Such confidence in the government led foreign institutional investors (FIIs) to buy shares worth Rs 1,300 crore in a single day. The crucial question now being debated is: will the rally sustain? On Thursday it suffered a setback as the Sensex shed 165 points. In the weeks to come the oil prices and inflation will decide the direction of the Sensex. The Iran-Israel-US relations are still tense and any Israeli strike on Iran could make oil zoom possibly to $200 a barrel. The oil prices have eased lately due to reports of falling demand in the US, but fluctuations can continue uncertainly before markets really firm up.
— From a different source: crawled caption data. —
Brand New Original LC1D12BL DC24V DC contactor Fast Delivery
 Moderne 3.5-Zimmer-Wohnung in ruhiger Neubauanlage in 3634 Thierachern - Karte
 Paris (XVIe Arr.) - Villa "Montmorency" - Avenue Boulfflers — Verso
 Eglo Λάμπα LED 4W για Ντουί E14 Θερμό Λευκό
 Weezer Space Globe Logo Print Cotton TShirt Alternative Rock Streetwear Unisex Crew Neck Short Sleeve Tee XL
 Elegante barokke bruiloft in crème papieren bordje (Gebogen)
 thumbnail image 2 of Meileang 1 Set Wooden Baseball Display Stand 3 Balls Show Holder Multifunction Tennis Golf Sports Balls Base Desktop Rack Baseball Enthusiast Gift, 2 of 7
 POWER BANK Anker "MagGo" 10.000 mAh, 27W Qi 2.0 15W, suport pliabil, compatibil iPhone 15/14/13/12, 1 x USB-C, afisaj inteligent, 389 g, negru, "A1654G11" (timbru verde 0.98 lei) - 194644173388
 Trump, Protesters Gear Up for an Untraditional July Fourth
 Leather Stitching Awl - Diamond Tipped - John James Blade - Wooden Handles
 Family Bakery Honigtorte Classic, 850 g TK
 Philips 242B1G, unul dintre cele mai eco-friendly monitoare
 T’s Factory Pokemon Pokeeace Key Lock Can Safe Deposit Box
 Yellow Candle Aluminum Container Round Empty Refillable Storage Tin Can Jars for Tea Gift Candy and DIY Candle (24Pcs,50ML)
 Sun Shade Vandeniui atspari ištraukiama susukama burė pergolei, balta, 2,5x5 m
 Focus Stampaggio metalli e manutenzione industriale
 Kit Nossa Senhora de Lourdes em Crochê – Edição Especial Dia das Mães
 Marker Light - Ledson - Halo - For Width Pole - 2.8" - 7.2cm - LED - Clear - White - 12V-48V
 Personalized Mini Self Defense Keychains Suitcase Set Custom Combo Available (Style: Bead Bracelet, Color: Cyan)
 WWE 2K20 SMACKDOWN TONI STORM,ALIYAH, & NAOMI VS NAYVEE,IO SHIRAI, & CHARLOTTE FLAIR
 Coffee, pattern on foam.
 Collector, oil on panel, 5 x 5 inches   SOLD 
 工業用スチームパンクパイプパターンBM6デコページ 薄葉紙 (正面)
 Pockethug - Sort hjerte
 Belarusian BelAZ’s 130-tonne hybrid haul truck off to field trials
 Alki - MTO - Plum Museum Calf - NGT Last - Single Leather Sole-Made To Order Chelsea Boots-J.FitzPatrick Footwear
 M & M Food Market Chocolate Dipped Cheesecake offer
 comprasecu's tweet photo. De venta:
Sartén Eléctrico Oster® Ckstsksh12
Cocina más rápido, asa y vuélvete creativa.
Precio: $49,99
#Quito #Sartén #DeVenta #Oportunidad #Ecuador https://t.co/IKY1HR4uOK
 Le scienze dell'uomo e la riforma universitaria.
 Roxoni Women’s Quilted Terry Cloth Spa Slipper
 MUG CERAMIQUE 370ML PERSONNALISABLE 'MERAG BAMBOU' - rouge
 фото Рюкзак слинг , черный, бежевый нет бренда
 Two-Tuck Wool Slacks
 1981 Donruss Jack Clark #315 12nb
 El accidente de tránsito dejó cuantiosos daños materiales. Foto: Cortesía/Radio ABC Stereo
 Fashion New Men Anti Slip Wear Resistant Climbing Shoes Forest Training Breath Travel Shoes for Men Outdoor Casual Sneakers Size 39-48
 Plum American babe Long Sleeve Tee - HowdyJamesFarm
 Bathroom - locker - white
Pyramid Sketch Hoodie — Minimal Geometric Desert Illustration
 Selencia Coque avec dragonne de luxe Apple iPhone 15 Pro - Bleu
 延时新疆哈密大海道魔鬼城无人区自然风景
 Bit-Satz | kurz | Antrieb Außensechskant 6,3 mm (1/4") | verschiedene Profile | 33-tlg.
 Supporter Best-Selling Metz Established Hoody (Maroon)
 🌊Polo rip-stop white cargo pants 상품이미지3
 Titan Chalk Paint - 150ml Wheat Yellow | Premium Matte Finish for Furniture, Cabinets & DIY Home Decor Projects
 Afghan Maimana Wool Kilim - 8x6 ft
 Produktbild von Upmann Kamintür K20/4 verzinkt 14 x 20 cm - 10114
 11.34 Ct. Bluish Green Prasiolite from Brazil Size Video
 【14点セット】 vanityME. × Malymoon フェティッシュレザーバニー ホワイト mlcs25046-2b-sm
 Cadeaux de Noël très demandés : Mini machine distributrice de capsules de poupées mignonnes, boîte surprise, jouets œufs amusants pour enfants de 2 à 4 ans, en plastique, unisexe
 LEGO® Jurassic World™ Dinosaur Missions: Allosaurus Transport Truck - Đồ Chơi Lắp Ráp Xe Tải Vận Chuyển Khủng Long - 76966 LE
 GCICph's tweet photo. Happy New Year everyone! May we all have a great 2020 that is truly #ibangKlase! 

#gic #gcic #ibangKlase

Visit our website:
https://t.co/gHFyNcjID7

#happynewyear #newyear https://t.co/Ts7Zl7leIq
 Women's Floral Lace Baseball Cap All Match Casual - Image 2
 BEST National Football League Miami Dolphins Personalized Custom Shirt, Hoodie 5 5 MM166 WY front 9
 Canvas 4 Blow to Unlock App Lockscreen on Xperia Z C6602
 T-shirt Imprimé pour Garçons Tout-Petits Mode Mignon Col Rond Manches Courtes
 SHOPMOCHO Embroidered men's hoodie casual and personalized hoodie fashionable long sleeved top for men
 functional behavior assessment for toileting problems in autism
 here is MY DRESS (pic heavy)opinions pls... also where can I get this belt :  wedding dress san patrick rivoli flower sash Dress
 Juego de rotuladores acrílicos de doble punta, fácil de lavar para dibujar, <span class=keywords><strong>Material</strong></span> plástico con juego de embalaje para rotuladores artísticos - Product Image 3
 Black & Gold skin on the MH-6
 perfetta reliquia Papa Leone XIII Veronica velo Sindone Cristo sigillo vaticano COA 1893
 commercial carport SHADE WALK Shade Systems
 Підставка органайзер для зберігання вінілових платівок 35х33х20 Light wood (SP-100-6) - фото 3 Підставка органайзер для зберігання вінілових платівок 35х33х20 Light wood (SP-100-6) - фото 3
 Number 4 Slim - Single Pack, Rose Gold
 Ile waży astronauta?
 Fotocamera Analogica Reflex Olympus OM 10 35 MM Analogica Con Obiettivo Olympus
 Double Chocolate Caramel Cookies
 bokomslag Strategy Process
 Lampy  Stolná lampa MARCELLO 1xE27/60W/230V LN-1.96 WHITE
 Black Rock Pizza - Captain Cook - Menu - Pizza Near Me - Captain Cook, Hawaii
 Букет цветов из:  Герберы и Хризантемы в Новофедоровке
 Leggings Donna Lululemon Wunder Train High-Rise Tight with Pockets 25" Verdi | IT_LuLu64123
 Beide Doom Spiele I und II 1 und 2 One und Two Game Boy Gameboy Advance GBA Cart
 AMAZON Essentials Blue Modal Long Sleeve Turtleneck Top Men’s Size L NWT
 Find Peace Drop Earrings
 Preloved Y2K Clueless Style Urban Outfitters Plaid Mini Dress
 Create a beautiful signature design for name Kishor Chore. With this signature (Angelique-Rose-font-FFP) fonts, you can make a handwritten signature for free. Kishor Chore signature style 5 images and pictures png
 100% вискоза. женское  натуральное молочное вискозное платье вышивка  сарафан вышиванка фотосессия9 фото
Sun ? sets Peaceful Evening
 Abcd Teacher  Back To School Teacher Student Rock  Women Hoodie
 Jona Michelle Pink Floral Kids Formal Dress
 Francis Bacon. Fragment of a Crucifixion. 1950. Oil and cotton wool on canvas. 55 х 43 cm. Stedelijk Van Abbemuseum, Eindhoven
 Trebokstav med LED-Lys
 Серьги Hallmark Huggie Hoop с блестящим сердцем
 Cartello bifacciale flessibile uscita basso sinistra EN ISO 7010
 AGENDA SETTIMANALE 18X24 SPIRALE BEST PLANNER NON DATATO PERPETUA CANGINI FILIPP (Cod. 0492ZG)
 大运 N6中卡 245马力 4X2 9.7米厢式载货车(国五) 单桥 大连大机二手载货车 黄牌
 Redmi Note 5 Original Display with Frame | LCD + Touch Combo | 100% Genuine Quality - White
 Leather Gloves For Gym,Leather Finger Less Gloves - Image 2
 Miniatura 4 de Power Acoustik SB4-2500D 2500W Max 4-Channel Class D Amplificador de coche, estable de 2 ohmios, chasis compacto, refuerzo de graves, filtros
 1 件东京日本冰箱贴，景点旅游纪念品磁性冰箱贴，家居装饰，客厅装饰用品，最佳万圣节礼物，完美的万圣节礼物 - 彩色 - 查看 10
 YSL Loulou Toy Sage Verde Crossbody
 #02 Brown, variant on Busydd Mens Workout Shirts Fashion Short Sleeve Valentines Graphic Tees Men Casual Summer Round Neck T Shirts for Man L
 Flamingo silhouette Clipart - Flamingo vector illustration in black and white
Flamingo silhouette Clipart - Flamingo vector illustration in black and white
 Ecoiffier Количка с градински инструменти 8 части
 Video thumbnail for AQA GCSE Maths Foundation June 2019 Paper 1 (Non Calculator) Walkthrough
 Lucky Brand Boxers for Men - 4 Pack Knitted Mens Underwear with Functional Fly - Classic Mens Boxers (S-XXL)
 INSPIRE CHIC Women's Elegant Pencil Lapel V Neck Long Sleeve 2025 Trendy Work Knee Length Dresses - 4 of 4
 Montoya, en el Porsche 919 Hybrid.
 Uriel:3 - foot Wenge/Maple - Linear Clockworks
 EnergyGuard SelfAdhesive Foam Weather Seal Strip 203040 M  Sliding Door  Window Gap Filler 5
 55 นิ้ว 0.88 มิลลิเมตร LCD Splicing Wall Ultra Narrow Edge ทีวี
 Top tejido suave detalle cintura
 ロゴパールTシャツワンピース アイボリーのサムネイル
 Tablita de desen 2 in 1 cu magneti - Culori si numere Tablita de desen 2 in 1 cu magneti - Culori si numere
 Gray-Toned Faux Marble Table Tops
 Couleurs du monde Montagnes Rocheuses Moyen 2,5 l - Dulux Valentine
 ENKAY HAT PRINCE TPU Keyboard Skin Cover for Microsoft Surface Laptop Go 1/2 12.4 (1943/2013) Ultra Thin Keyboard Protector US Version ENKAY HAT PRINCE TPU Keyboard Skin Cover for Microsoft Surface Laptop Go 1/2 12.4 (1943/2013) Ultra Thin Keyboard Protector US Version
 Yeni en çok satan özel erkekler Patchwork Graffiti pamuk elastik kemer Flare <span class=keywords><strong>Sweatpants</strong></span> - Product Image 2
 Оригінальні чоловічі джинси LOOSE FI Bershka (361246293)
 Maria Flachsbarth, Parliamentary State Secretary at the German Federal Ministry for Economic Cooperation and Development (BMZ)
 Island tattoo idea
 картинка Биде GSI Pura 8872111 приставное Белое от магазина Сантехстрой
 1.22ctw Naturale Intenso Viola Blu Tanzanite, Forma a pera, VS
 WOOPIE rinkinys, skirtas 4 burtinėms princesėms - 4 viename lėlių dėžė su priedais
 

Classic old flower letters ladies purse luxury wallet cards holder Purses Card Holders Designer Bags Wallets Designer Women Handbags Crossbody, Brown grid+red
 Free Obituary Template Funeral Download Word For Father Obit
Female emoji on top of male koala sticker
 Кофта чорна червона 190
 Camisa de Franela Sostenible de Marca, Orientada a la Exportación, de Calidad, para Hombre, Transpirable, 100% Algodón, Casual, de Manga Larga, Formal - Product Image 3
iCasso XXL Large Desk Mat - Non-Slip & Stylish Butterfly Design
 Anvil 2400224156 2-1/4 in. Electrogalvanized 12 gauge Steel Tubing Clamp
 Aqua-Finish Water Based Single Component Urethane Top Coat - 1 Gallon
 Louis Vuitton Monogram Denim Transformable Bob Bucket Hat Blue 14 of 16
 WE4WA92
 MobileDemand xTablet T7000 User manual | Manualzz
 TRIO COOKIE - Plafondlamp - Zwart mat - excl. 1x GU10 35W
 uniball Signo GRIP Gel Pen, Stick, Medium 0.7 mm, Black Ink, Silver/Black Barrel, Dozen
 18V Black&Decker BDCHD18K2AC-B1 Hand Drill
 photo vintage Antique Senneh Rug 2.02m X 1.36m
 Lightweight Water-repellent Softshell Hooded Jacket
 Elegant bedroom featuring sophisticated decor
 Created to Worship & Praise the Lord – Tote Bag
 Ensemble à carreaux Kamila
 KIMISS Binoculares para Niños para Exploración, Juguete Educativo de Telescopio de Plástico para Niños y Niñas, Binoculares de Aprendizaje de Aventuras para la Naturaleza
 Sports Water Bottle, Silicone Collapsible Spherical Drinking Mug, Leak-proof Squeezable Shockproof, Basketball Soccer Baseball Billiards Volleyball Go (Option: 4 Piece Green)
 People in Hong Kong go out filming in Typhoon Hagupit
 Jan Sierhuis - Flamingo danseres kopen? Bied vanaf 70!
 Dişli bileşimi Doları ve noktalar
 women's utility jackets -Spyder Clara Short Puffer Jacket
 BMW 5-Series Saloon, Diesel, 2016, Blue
Secondly, inflation will remain a priority for the government in the run-up to the elections. It is expected to stay in double digit until December. The RBI is meeting on July 29 to review its monetary policy and is likely to further tighten liquidity. A benign monsoon so far has given rise to hopes of a bumper kharif crop, which would, at least, cool foodgrain prices. Thirdly, experts are pinning their hopes on reforms. The government is expected to dilute its stake in profit-making PSUs, ease foreign investment in banks and insurance companies and allow pensions funds to invest in stocks under private, professional managements. The government, however, may not like to implement controversial bits of reforms. Winning elections will be the overriding consideration determining the UPA’s economic policy.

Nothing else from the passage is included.